*Working data*:
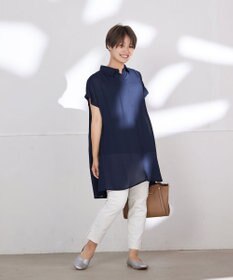 Tiaclasse 【洗える】フレンチスリーブシャツチュニックブラウス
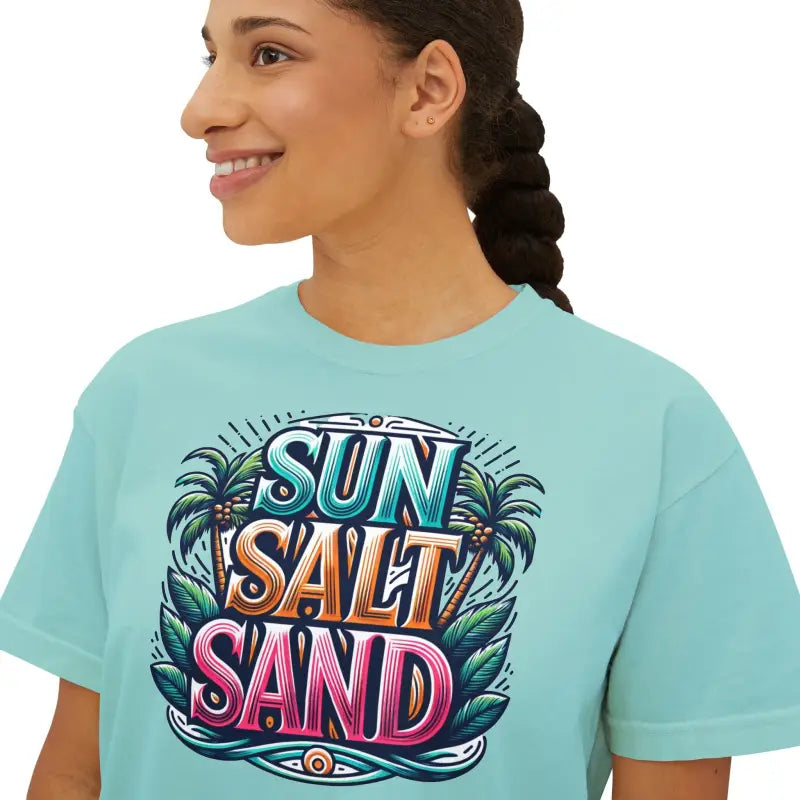 Boxy Tee - Sun Salt Sand Summer Vibes - DipaliZ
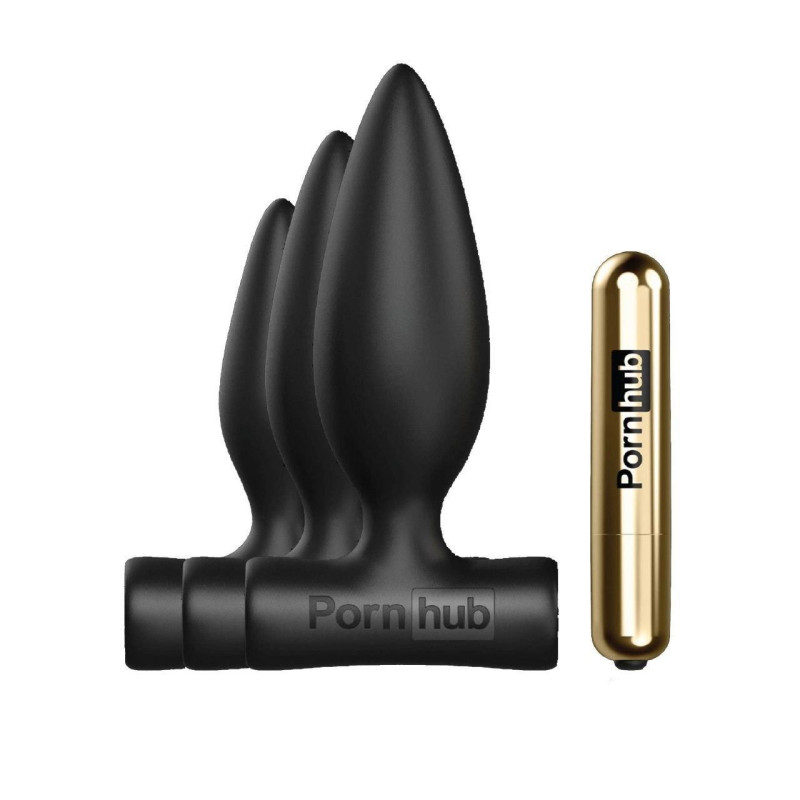 Набор анальных пробок Pornhub Anal Training Kit с перезаряжаемой вибропулей Набор анальных пробок Pornhub Anal Training Kit с перезаряжаемой вибропулей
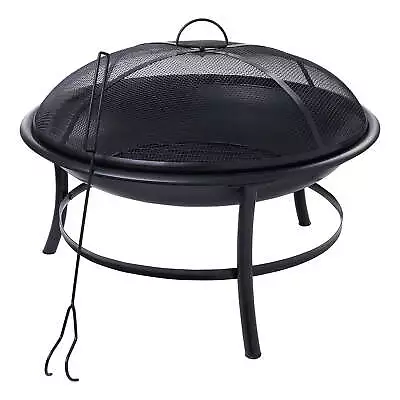 26  Round Iron Outdoor Wood Burning Fire Pit Black • $29.96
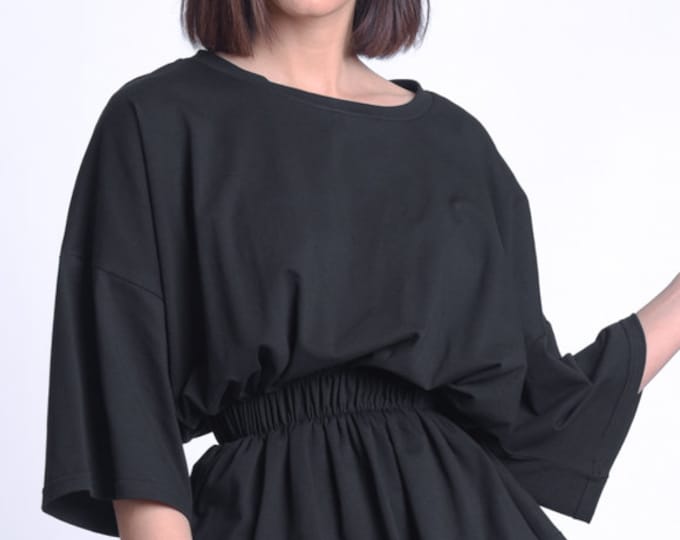 Loose Black Blouse/Elastic Waist Casual Top/Half Sleeve Shirt/Wide Sleeve Black Top/Plus Size Maxi Shirt/Maxi Black Top METT0168
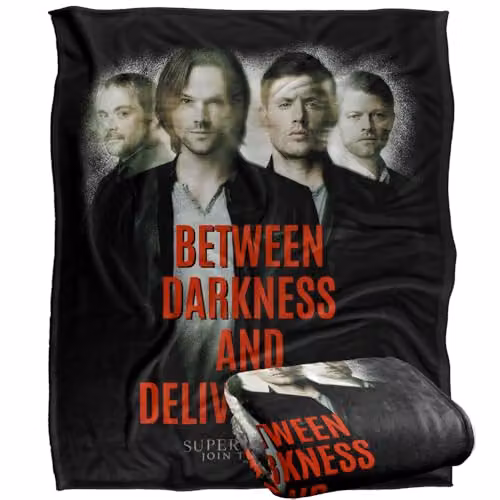LOGOVISION Supernatural Sam Dean Crowley Castiel Between Darkness Super Soft Silky Touch Fleece Throw Blanket, W: 152 cm, D: 127 cm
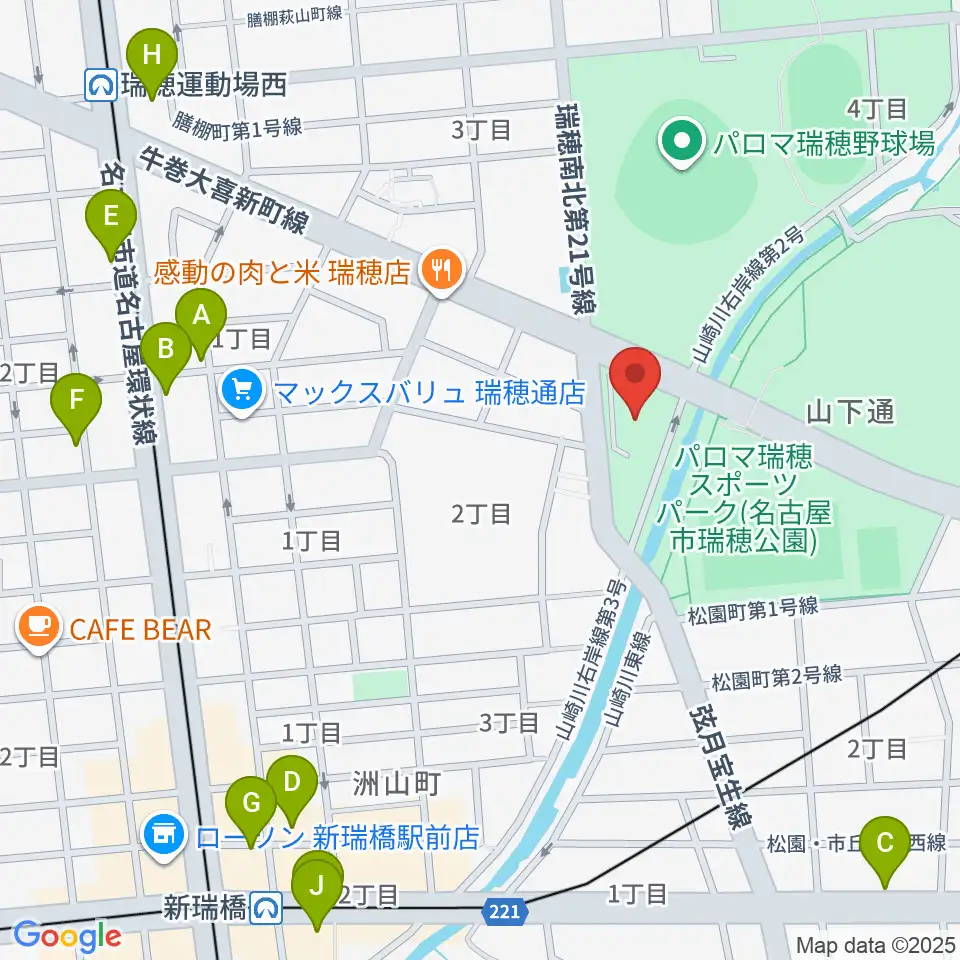 瑞穂文化小劇場周辺のカフェ一覧地図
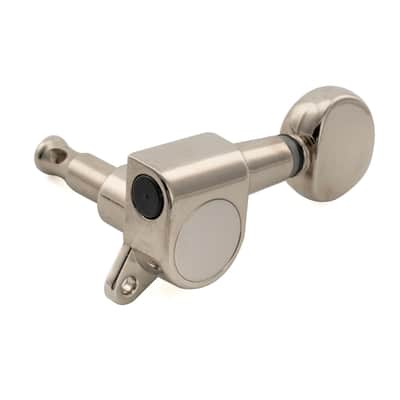 R15J 6-in-line 15:1 Ratio Full Sealed Machine Heads Tuners Tuning Pegs Keys with Vintage Oval Button for Strat Tele Style Electric Guitar, Nickel image 7
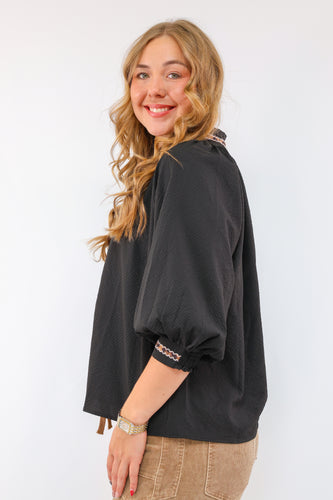 Umgee Puff Sleeves V Neck Collared Top in Black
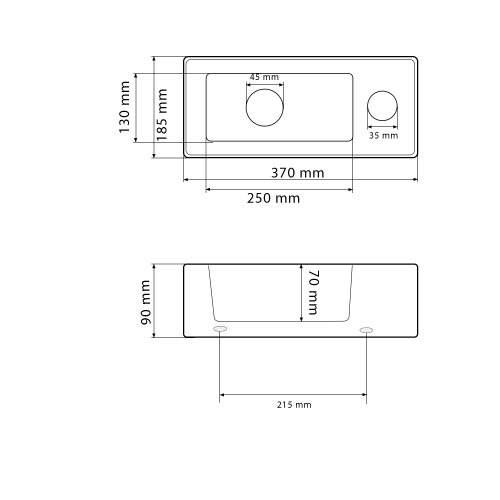 Умывальник (раковина) VBI KOMO L WHITE накладной подвесной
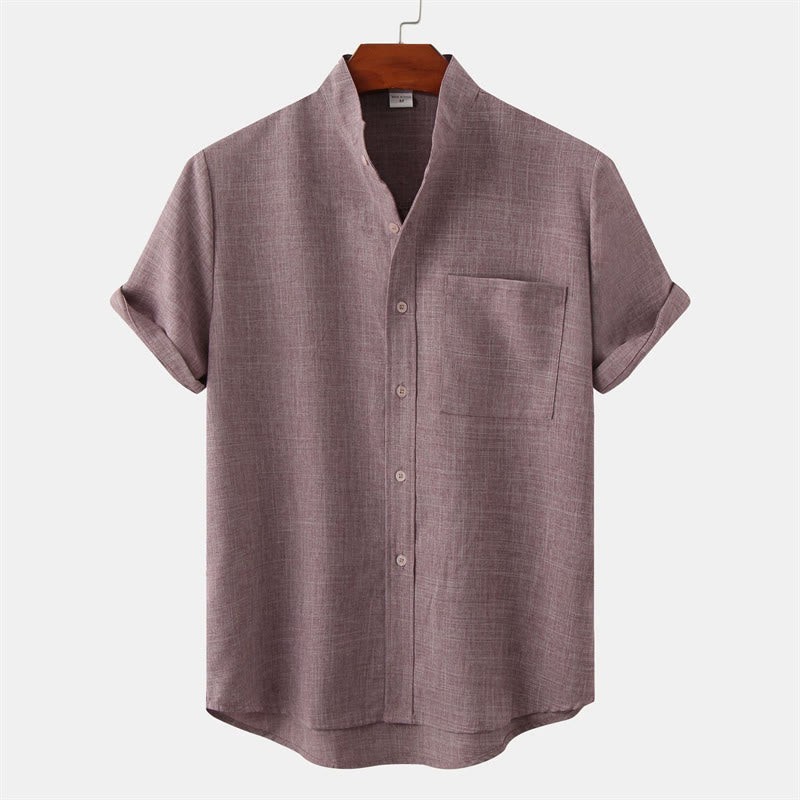 Koszula męska z krótkim rękawem i kieszenią, zapinana na guziki i prosta, z Buddha Stones - Dębnik - US/UK/AU42， EU52 (3XL) - image 14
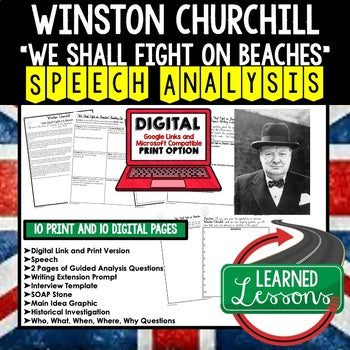 Winston Churchill We Will Fight on Beaches Speech Analysis & Writing Activity - preview 1
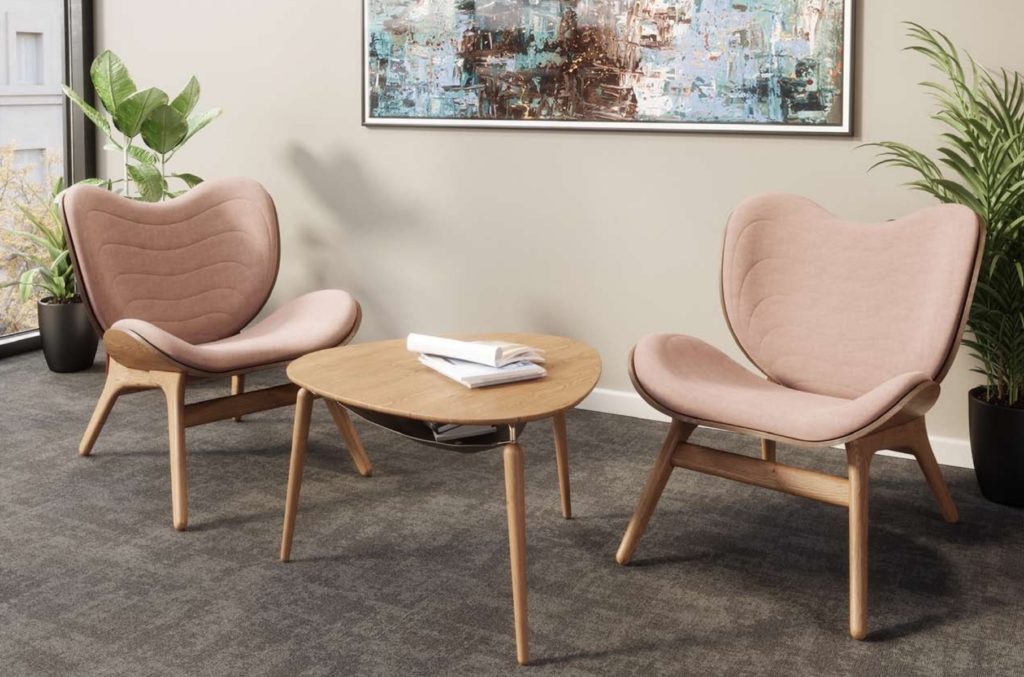 KFI Studios Conversation Piece chairs two chairs in waiting room salmon upholstery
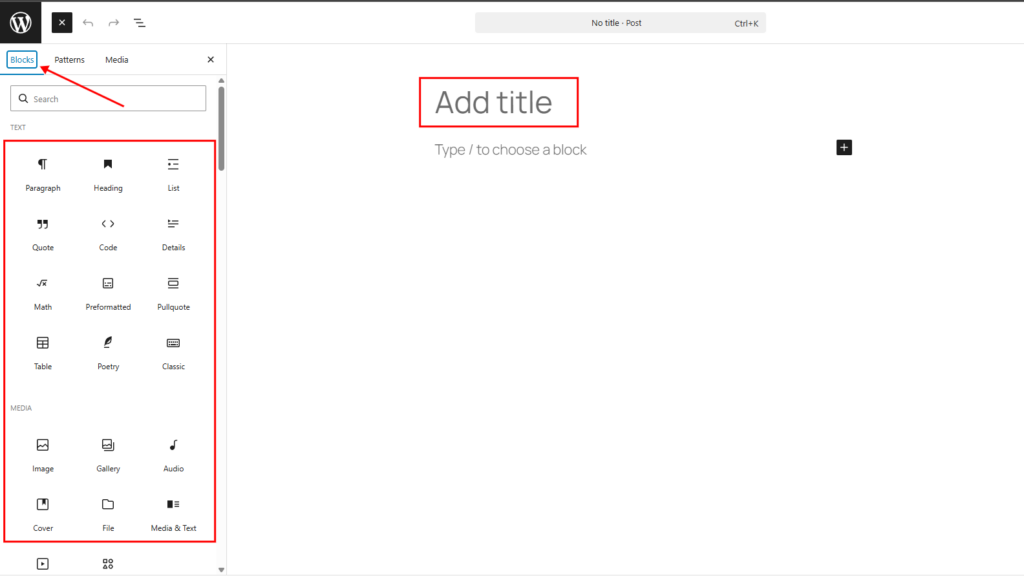 WordPress Block Editor with the block inserter open beside a new post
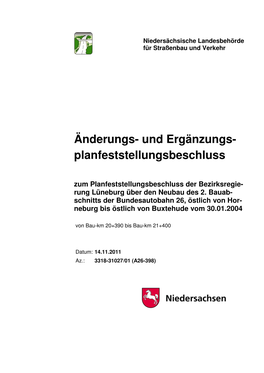 Änderungs- Und Ergänzungs- Planfeststellungsbeschlusses Verwiesen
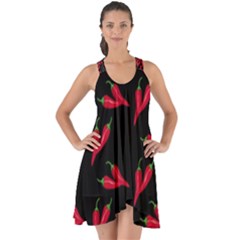 Red, hot jalapeno peppers, chilli pepper pattern at black, spicy Show Some Back Chiffon Dress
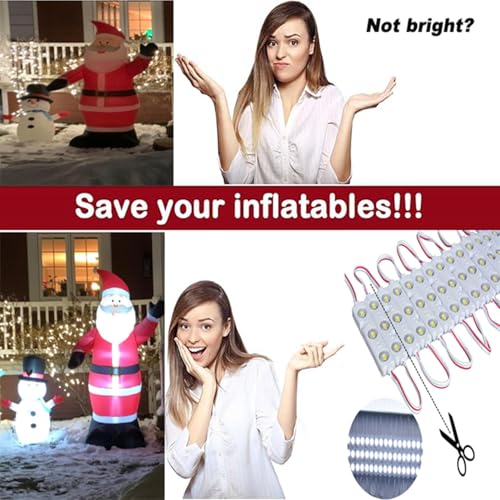 Image of LED Module,Replacement Lights For Inflatables White 20pcs 9.8 Ft 5730 SMD 150LM Per LED Module IP65 Waterproof Christmas Inflatables Light for Letter Sign with Tape Adhesive Backside (White Light)
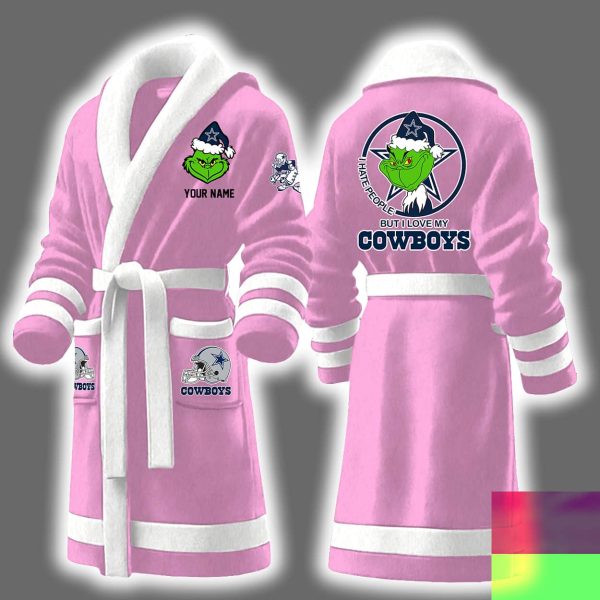 Grnch I Hate People But I Love My Cowboys Bathrobe 3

*Task instructions*: In the listing above, the required lines run from the line with "Boxy Tee - Sun" through the line with "Black • $29.96". Output exactly those lines, omitting pictures.

*Solution to this problem*:
 Boxy Tee - Sun Salt Sand Summer Vibes - DipaliZ
 Набор анальных пробок Pornhub Anal Training Kit с перезаряжаемой вибропулей Набор анальных пробок Pornhub Anal Training Kit с перезаряжаемой вибропулей
 26  Round Iron Outdoor Wood Burning Fire Pit Black • $29.96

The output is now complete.